◆ **EXERCISE INPUTS**:
=-=-=-=-=

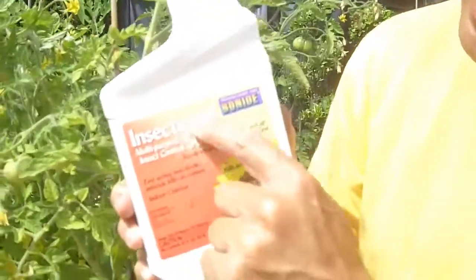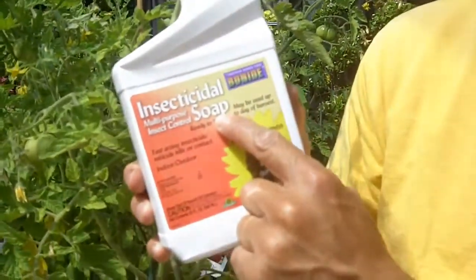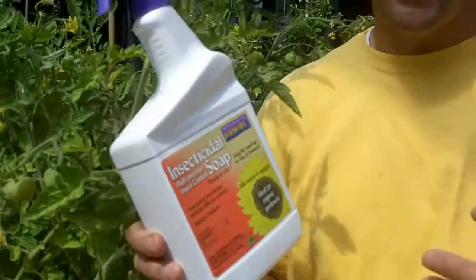So if you've got aphids, one option is insecticidal soap. That's the option I like to do on edibles. Insecticidal soap — you can read that. Generally they have a couple of different active ingredients, but most often potassium salts of fatty acids — an all-natural ingredient.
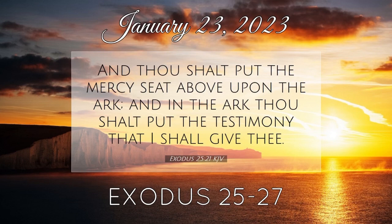And the cherubims shall stretch forth their wings on high, covering the mercy seat with their wings. And their faces shall look one to another; toward the mercy seat shall the faces of the cherubims be. And thou shalt put the mercy seat above upon the ark, and in the ark thou shalt put the testimony that I shall give thee. And there I will meet with thee, and I will commune with thee from above the mercy seat, from between the two cherubims which are upon the ark of the testimony, of all things which I will give thee in commandment unto the children of Israel.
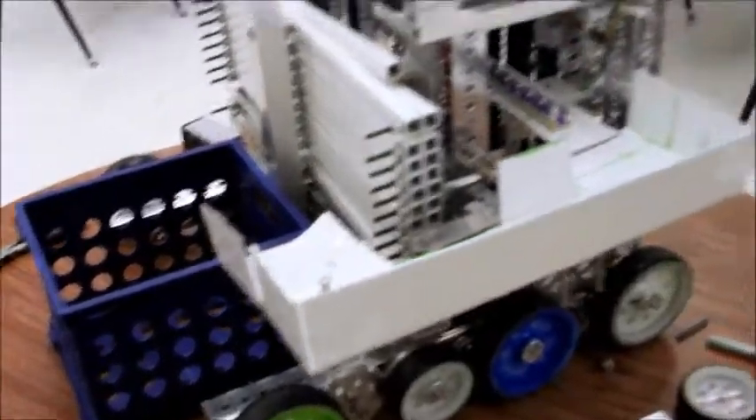From the conveyor, the balls come up, drop into here, and roll around the conveyor and into the crate.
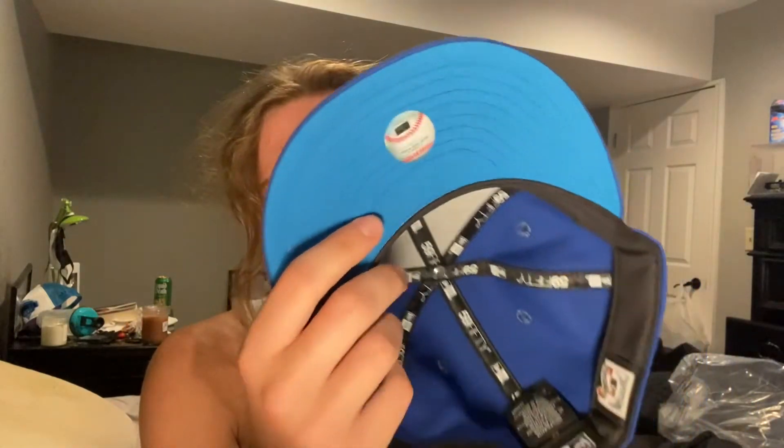And then there's the under visor, and you've got a black sweatband. This is definitely a different hat from the rest of my collection so I'm excited to have it. I love Orioles logos — I'm going to go ahead and curve it and show you what it looks like on head.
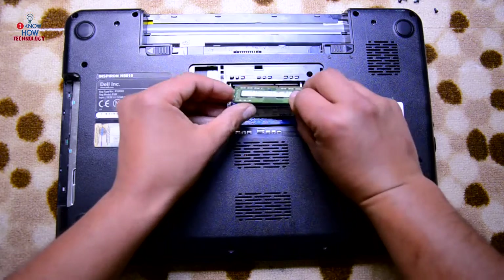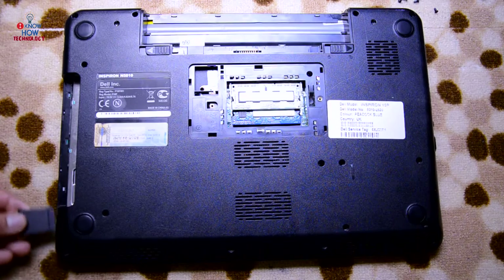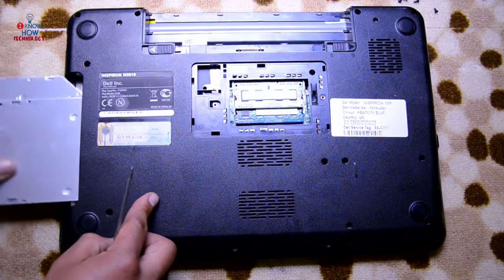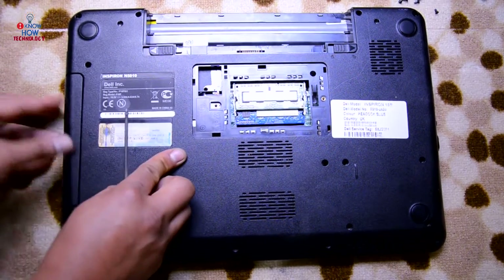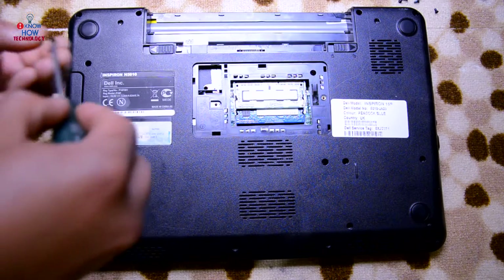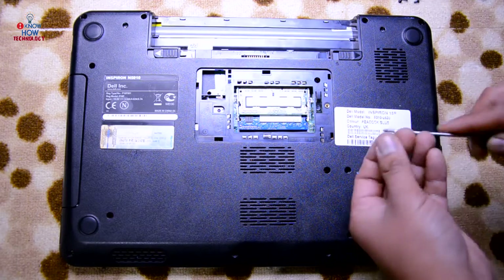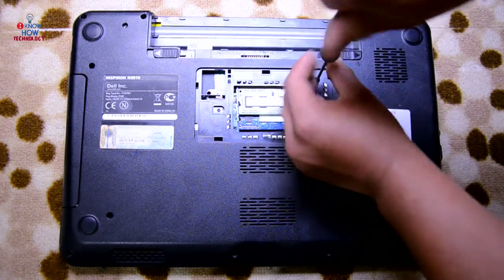Put the RAM in now so you don't forget it later. Place the blanking plate inside, then connect the CD drive. Because there are no screws hiding behind the CD drive you can put it in now. Place all the screws back in — this is the screw we forgot to take out at the beginning, so start from there.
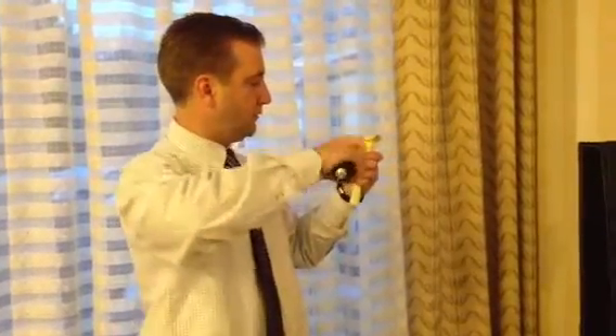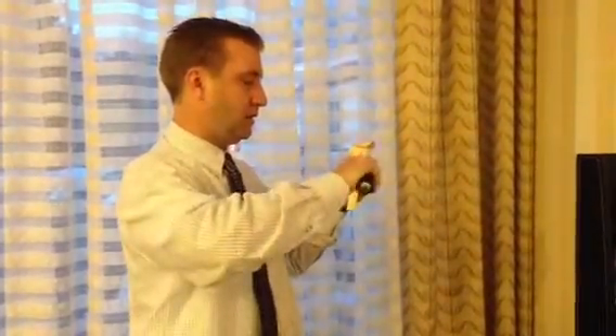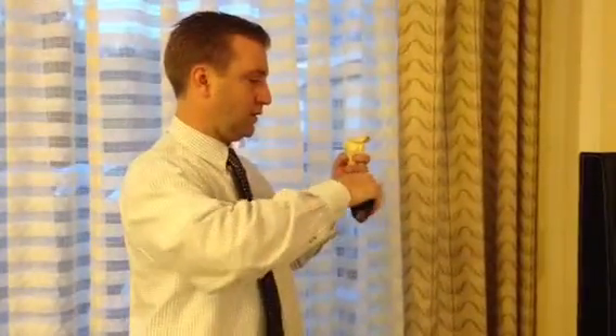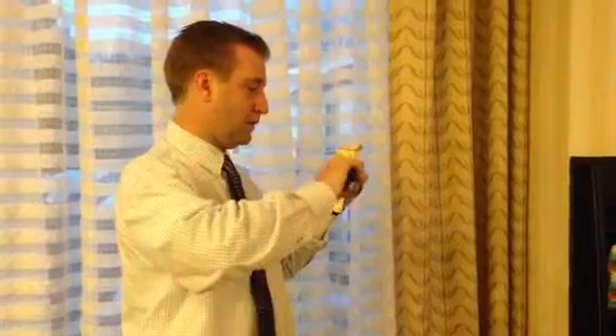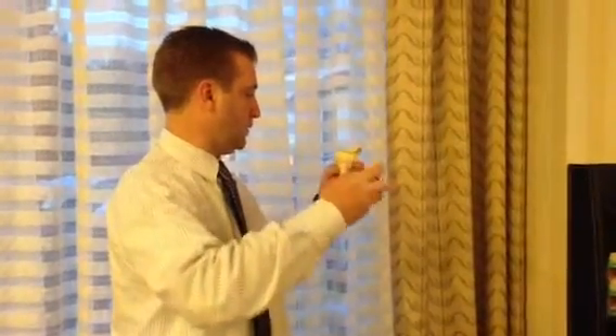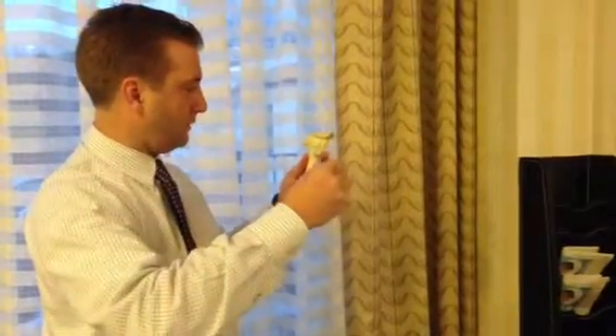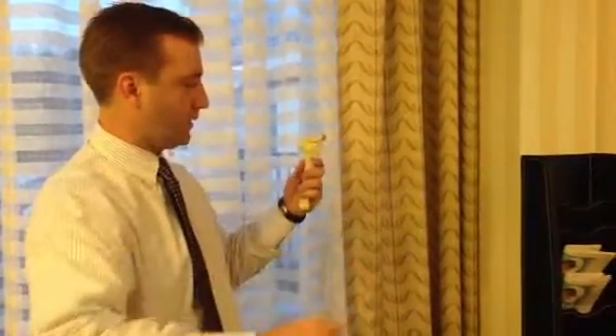And then you just deliver your screw right in there — just like that. Done. Guide wire out.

=-=-=-=-=

◆ **TASK DIRECTIONS**:
In the entries above, find the line with "And then there's" and the line with "Put the RAM". Return exactly those lines and all the ones between them, pictures excluded.

◆ **RESPONSE TO THIS EXERCISE**:
And then there's the under visor, and you've got a black sweatband. This is definitely a different hat from the rest of my collection so I'm excited to have it. I love Orioles logos — I'm going to go ahead and curve it and show you what it looks like on head.
Put the RAM in now so you don't forget it later. Place the blanking plate inside, then connect the CD drive. Because there are no screws hiding behind the CD drive you can put it in now. Place all the screws back in — this is the screw we forgot to take out at the beginning, so start from there.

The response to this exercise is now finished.